2. Do everything you can to score BookBub promos. I've been a businessman my entire adult life and have spent countless dollars on marketing and advertising, and I've never once seen anything remotely like BookBub. The notion of an ad venue consistently returning a profit in the very short term is unheard of, but that's what BookBub does. (Readers, I highly recommend you check out BookBub, too. They generate great exposure for authors because they take care of their readers. They're very selective in what they promote and this has led to a whole lot of readers who trust them to find good books.)

3. Never, ever stop honing your craft, and write more books that people will want to read.
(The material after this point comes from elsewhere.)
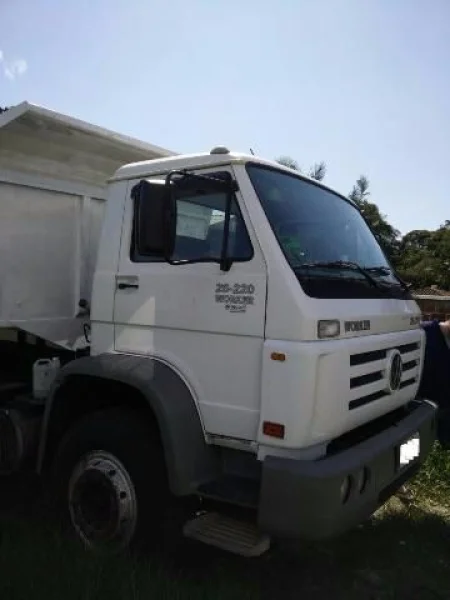 Vende SE Caminhão Wolkswagem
4. Understand that social media It's not called "commerce media" or "ad media" or "marketing media." If you want results from social media, be social. Make friends, not customers. Talk to those friends as friends, not as potential customers. Talk about life, about sad things, funny things, frustrating things, good things, bad things. Get to know people. Care about them. If you build real relationships, these people will care on the rare occasion you have something meaningful to share about your books. You wouldn't go to a party or a football game or to church and walk around screaming, "BUY MY BOOK!" Would you? (If your answer is 'yes,' I'm guessing you don't get invited to a lot of social gatherings.)

5. Never, ever stop honing your craft, and write more books that people will want to read.

6. Do exactly what the author did in the Facebook group I mentioned up top: Ask those who have gone before for insight, and pay attention to what they say.

7. Do not get caught up in the vortex of endlessly analyzing Amazon algorithms and looking for a way to exploit them. Those algos will change, because Amazon is in endless pursuit of being the most customer-centric business ever formed. How do you please customers who read? You provide books they want to read, and *that* is what Amazon will keep evolving toward. Be ahead of the algos by continually honing your craft and writing more books that people will want to read.

I try to avoid cliches, but sometimes they're the best way to communicate an idea, so I'll wrap this up with one: This is a marathon, not a sprint. Never forget that.